平らな容器ごと箱型の魔道具に入れてボタンを押す。


1. 料理を凍結させる。

2. 凍った料理を真空状態にする。

3. 乾燥させる。


 この3工程が完了するとチーン!と音がする。イメージは電子レンジだ。


「容器はインターネット通販で召喚したアルミの弁当箱だ」

 父さんが空っぽのお弁当箱を取り出す。


「こっちの世界の仕様に変換されて鉄製でちょっと重いが、こっちの世界では誰もが大なり小なりアイテムボックスを持っているから重さは気にしなくてもいいだろう?」

「うん、いいと思う!」

アルバロが大喜びだ。


「じゃあ売り込みに行くか!」

「明日は家庭菜園と裏山の温室の世話をしたいから明後日以降にしない?」

「そうだな!売り込み先はクラリッサちゃんのところでいいよな?」

「いいと思う、クラリッサが喜ぶよ」




 翌日、父さんとリザとアルバロが裏山の温室、私とハナが家庭菜園の担当になった。秋も深まり家庭菜園はあまりやることがなかった。


「終わっちゃったね」

 私の横でフンフンして一緒に仕事をした気になったハナがやり遂げた風に言った


「じゃあクラリッサのところに持っていくのを作り足そうか」

「カナちゃん、なに作るの?」

ハナの尻尾がぴこぴこ揺れて可愛い。

「ビスケットとキャラメル」

「うれしー!」

どちらもハナの大好物だ。



「ビスケットは甘くないのと甘いのを作るよ。甘くないのは父さんが作ったレーションの煮込みと一緒に食べるやつね」

「パンの代わりだね!」

「そうだよ」

 うちのハナちゃんは可愛い上に賢いな。思いっきり撫でてやった。



 薄力粉と粉チーズをフードプロセッサーに入れて軽く混ぜる。バターを入れてバターがそぼろ状に混ざったら溶き卵を入れてまとまるまでフードプロセッサーを回す。


「これを魔法で冷却します」

あっという間に生地が扱いやすくなった。魔法って便利!


 薄く四角く伸ばしてフォークで規則的に穴を空けてから長方形にカットして焼いた。甘いビスケットも似た手順で焼いた。見た目で味付けが分かるよう甘い方は正方形にした。



「次はキャラメルね」

 リッチな材料は使わずに、どこにでもある材料で作ることにした。


 牛乳、砂糖、バターをフライパンにいれて弱火でじっくり温める。焦げないように常にヘラで混ぜ続ける。
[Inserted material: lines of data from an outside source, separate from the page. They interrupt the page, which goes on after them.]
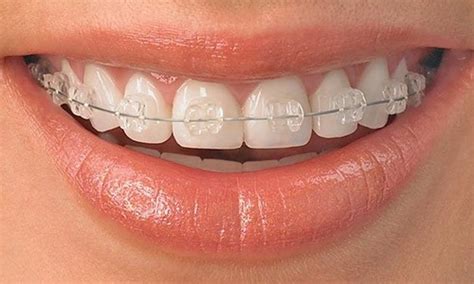 Son buenos los brackets de porcelana o hay otros más recomendables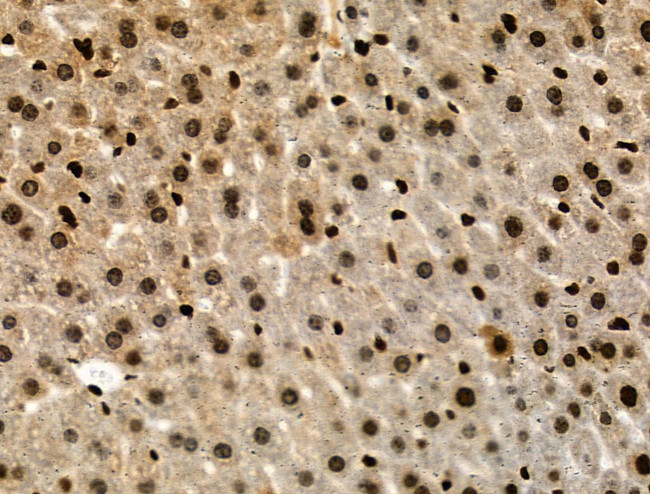 Phospho-RAD17 (Ser646) Antibody in Immunohistochemistry (Paraffin) (IHC (P))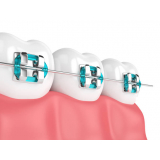 onde encontro braquete autoligado estético Diadema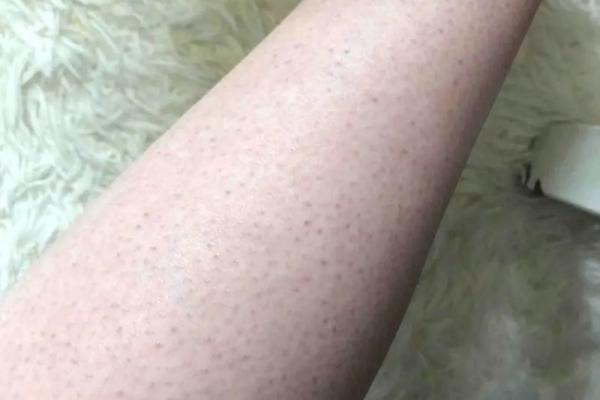 有鸡皮肤的人命运揭秘：从皮肤现象看人生走向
だんだんヘラが重たくなってくるので、頃合いをみてクッキングシートを敷いた容器に平らに流して冷ます。


「甘いにおい…」

ハナが目を細めてフンフンする。


「冷めたら食べてみようね」

「うん!」


 キャラメルが冷めたら食べやすい大きさにカットしてワックスペーパーで包んだ。


「ビスケットも冷めたね」

「アルバロとパパとリザちゃんのとこに持ってこ?」

 今すぐ食べたい気持ちをこらえて皆んなで食べようと提案するハナがいい子で可愛いのでぎゅっとしてからビスケットとキャラメルを持って温室に向かった。



「パパー!」

 温室でハナが駆け出すと父さんが出てきてハナを受け止めた。

「あのね、一緒におやつ食べよ」

「ハナちゃんに誘ってもらって嬉しいぞ」

 父さんがハナをぎゅっとして手荒にモフった。



 アルバロとリザも揃ったのでテーブルにビスケットとキャラメルを並べる。

「以前、父さんが研究のために取り寄せたレーションにビスケットとキャラメルが入っていたでしょう」

「そういえば入っていたな!」

「長方形が粉チーズ入りで甘くないビスケット、正方形は甘いビスケットだよ」


説明しながらハナの手を浄化した。


 少し前にハナが進化して私では浄化できなくなった。アルバロが管理職の神々に相談したら最初はダメと言われたらしいけど、『汚れたおててでご飯を掴んで食べたらハナがお腹を壊しちゃう…』と悲しそうにつぶやいたら例外で認めてくれたらしい。動物好きな管理職の皆さまありがとう。



「これは食事に合いそうだな」

「長方形や正方形だから5枚1組とかで重ねたら数えやすくて収納もしやすいと思うんだ」

この形状は父さんが取り寄せたレーションを真似した。


「おいしー」

「ハナはキャラメルが気に入った?」

「うん!」



 ビスケットも好評だったのでクラリッサに提案することになった。